As of Tuesday, there were 24 COVID-19 patients at Baptist Health’s five hospitals. Ascension St. Vincent’s had 19 COVID-19 patients, and UF Health Jacksonville had 27 COVID-19 patients – that number dropped from 16 in two days.
For the second day in a row, there was a long line at the COVID-19 test site at the former Kmart in Neptune Beach. The site announced Tuesday morning that it was temporarily closing before it even opened due to the number of people already in line.
UF Health Jacksonville infectious disease director Chad Neilsen told News4JAX on Tuesday that the number of cases will increase.
“I predict that we are going to see increasing cases, as well as hospital admissions, this week as people start to go back to their normal lives and realize they are sick,” Neilsen said.

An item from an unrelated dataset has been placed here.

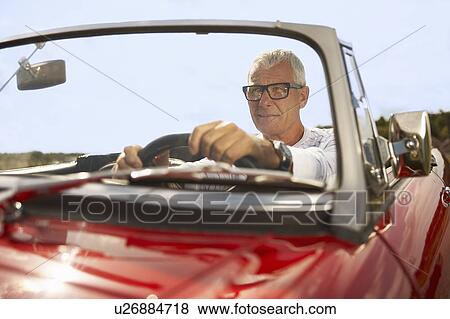 Stock Photo - Senior man in sports car. Fotosearch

LISTING: COVID-19 test sites in Northeast Florida
Meanwhile, the CDC updated its guidelines for isolation and quarantine on Monday, with omicron in the lead.
The isolation rules apply to infected people. They are the same for unvaccinated, partially vaccinated, fully vaccinated or boosted people.
The clock starts on the day you test positive.
An infected person should be isolated for five days, instead of the 10 previously recommended.
After five days, if you have no symptoms, you can resume your normal activities but must wear a mask everywhere – even in your homes and around others – for at least five more days.
If you are still showing symptoms after five days of isolation, stay home until you feel better, then begin your five days of all-day mask wear.
“If you are asymptomatic and infected, we want to get people back to work, especially those in jobs that are essential to the proper functioning of our society,” said Dr Anthony Fauci, director of the National Allergy Institute. and infectious diseases. .
Other experts wondered why the guidelines allowed people to leave solitary confinement without testing. Some frontline workers and the flight attendants union also criticized the move.
“How are they going to implement this to make sure it’s only for asymptomatic people, coming back to work so people don’t have to go back to work while they are still sick,” said Association of Flight Attendants to International President Sara Nelson.
But Neilsen said there was medical research behind the rules.
“This is what they found out, that most people really got past the omicron if they are vaccinated and boosted on day 5, and so this is based on science,” Neilsen said. “The CDC doesn’t necessarily have control over the guidelines that we, as a hospital or other employers, have in terms of getting people back to work, so when the public sees these new guidelines, it’s the CDC that adapts to what the latest science says. “
Quarantine rules apply to people who have been in close contact with an infected person but who have not been infected themselves.
For quarantine, the clock starts on the day a person is alerted that they may have been exposed to the virus.
Previously, the CDC had said that people who were not fully vaccinated and had close contact with an infected person were required to stay home for at least 10 days.
Now, the agency says only people who have received booster shots can skip quarantine if they wear masks in all settings for at least 10 days.
The Associated Press contributed to this report.